### Where does the dataset come from? Download from yelp.com

### Businesses

In [2]:
import pandas as pd
import json

In [3]:
data = []

with open('data/yelp_academic_dataset_business.json') as f:

    for line in f:
        
        json_dict = json.loads(line)

        if json_dict['attributes']:
            if 'BusinessParking' in json_dict['attributes'].keys():

                json_dict['attributes']['BusinessParking'] = eval(json_dict['attributes']['BusinessParking'])

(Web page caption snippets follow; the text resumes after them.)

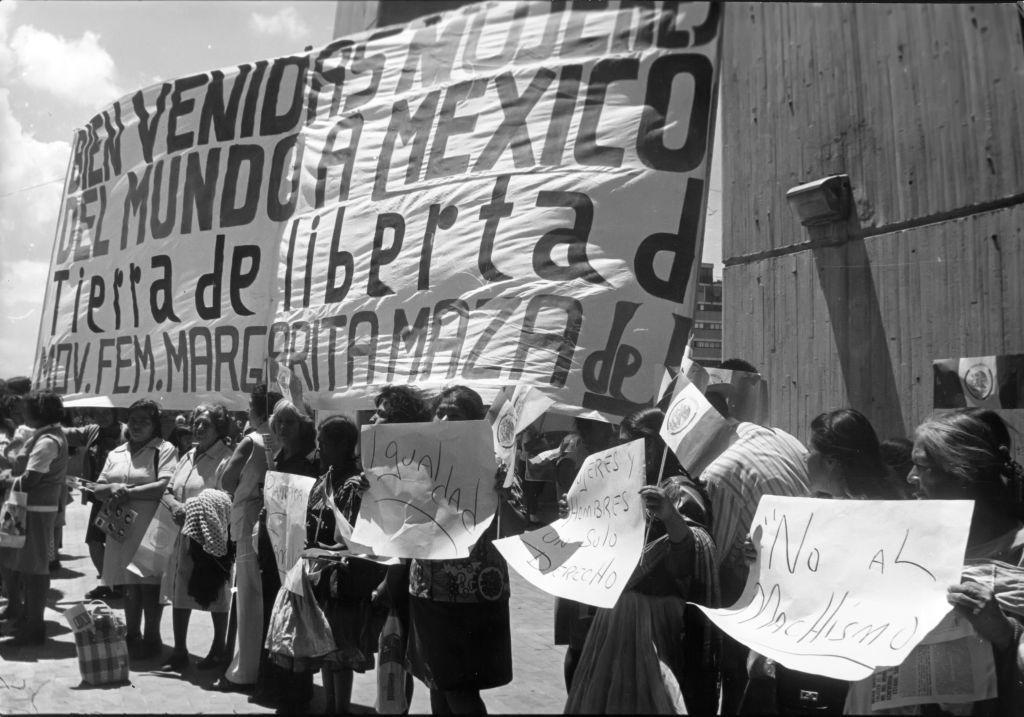 Una protesta feminista en Ciudad de México en 1975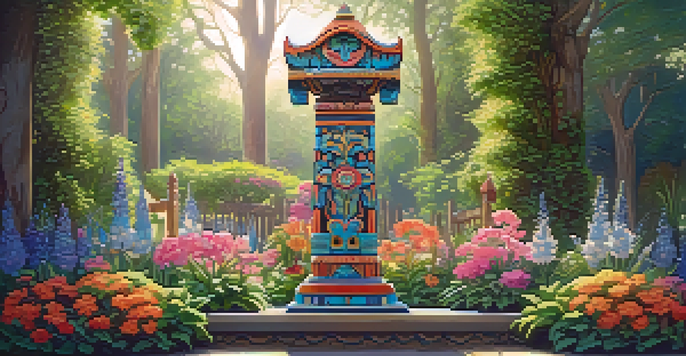 A wooden totem surrounded by colorful flowers in a peaceful garden, with sunlight filtering through the leaves.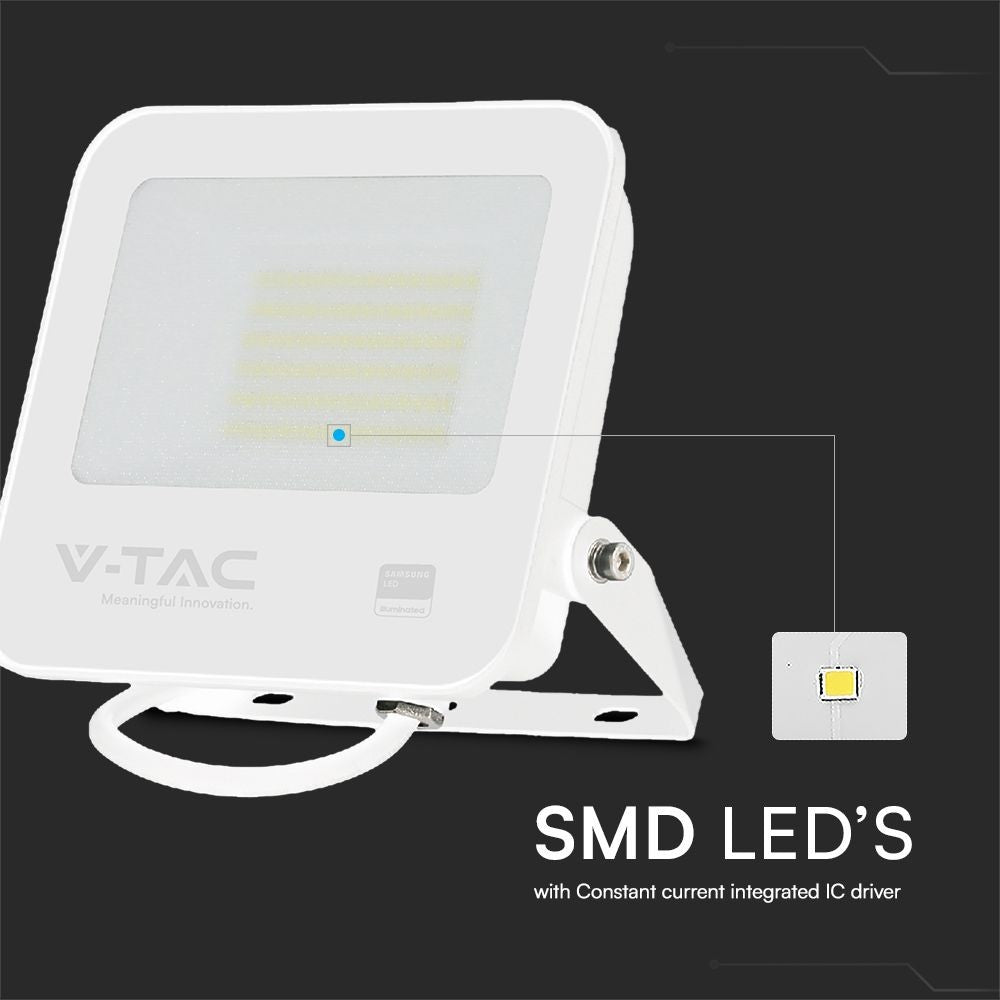 50W LED projektør med Samsung chip, 6500K, hvid hus, grå matteret glas, IP65, 5 års producentgaranti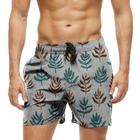 Short Praia Shorts Banho Bermuda Verão Plantas Folhas Cartoon 1603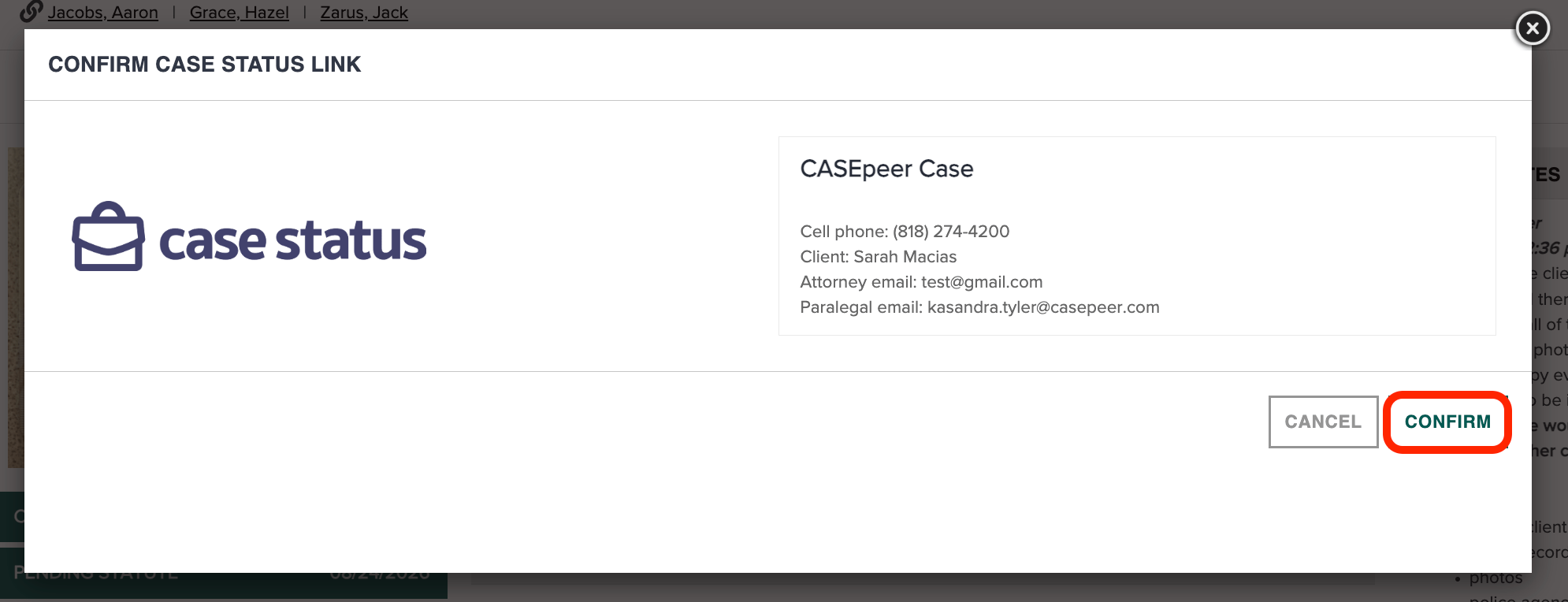Connect or Push a Case to Your Case Status Account CASEpeer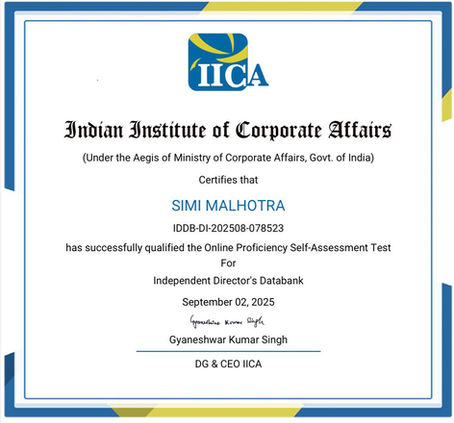 Certified Independent Director from IICA- Ministry of Corporate Affairs, Govt. of India
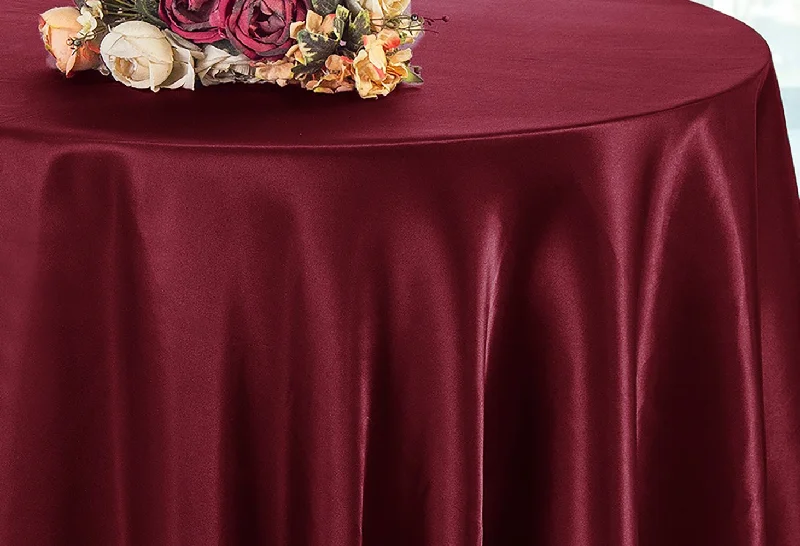 120" Seamless Round Satin Tablecloth - Burgundy (1pc)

        data.append(json_dict)

In [4]:
businesses = pd.json_normalize(data)

In [5]:
businesses.columns = businesses.columns.str.split(('.')).str[-1]

In [9]:
businesses.columns

Index(['business_id', 'name', 'address', 'city', 'state', 'postal_code',
       'latitude', 'longitude', 'stars', 'review_count', 'is_open',
       'categories', 'hours', 'by_appointment_only', 'accepts_credit_cards',
       'monday', 'tuesday', 'wednesday', 'thursday', 'friday', 'saturday',
       'bike_parking', 'price_range', 'coat_check', 'take_out', 'delivery',
       'caters', 'wi_fi', 'garage', 'street', 'validated', 'lot', 'valet',
       'wheelchair_accessible', 'happy_hour', 'outdoor_seating', 'has_tv',
       'reservations', 'dogs_allowed', 'sunday', 'alcohol', 'good_for_kids',
       'parking', 'attire', 'ambience', 'table_service', 'good_for_groups',
       'drive_thru', 'attributes', 'noise_level', 'good_for_meal',
       'accepts_bitcoin', 'smoking', 'music', 'good_for_dancing',
       'accepts_insurance', 'best_nights', 'b_yo_b', 'corkage',
       'b_yo_bcorkage', 'hair_specializes_in', 'open24_hours',
       'counter_service', 'ages_allowed', 'dietary_restrictions'],
 

In [7]:
import re

In [8]:
columns = []

for column in businesses.columns:
    column = re.sub(r'(\w)([A-Z])', r'\1_\2', column)
    column = re.sub(r'Restaurants_', r'', column)
    column = re.sub(r'Business_', r'', column)
    column = re.sub(r'(Range)([0-9])', r'\1', column)
    columns.append(column.lower())

businesses.columns = columns

In [10]:
businesses.drop(
  [
    'attributes',
    'hair_specializes_in',
    'counter_service',
    'open24_hours',
    'dietary_restrictions',
    'accepts_insurance',
    'ages_allowed',
    'b_yo_bcorkage',
    'corkage',
    'smoking',
    'b_yo_b',
    'good_for_dancing',
    'coat_check',
    'by_appointment_only',
    'best_nights',
    'music',
    'drive_thru',
    'business_accepts_bitcoin',
    'dogs_allowed',
    'happy_hour',
    'wheelchair_accessible',
    'good_for_meal',
    'ambience',
    'business_parking',
    'address',
    'postal_code',
    'hours',
    'is_open',
    'tuesday',
    'wednesday',
    'thursday',
    'friday',
    'saturday',
    'sunday'
  ],
  axis=1, errors='ignore', inplace=True
)

In [11]:
businesses['alcohol'] = businesses['alcohol'].str.replace("u'", "").str.replace("'", "")
businesses['noise_level'] = businesses['noise_level'].str.replace("u'", "").str.replace("'", "")
businesses['attire'] = businesses['attire'].str.replace("u'", "").str.replace("'", "")
businesses['wi_fi'] = businesses['wi_fi'].str.replace("u'", "").str.replace("'", "")

In [12]:
import numpy as np

In [13]:
def parking_check(row):
    if row['garage'] == True or row['street'] == True or row['validated'] == True or row['lot'] == True or row['valet'] == True:
        return 'True'
    if row['garage'] == False or row['street'] == False or row['validated'] == False or row['lot'] == False or row['valet'] == False:
        return 'False'
    else:
        return np.nan

In [14]:
businesses['parking_available'] = businesses.apply(parking_check, axis=1)

In [15]:
businesses.drop(['garage', 'street','validated','lot','valet'], axis=1, inplace=True)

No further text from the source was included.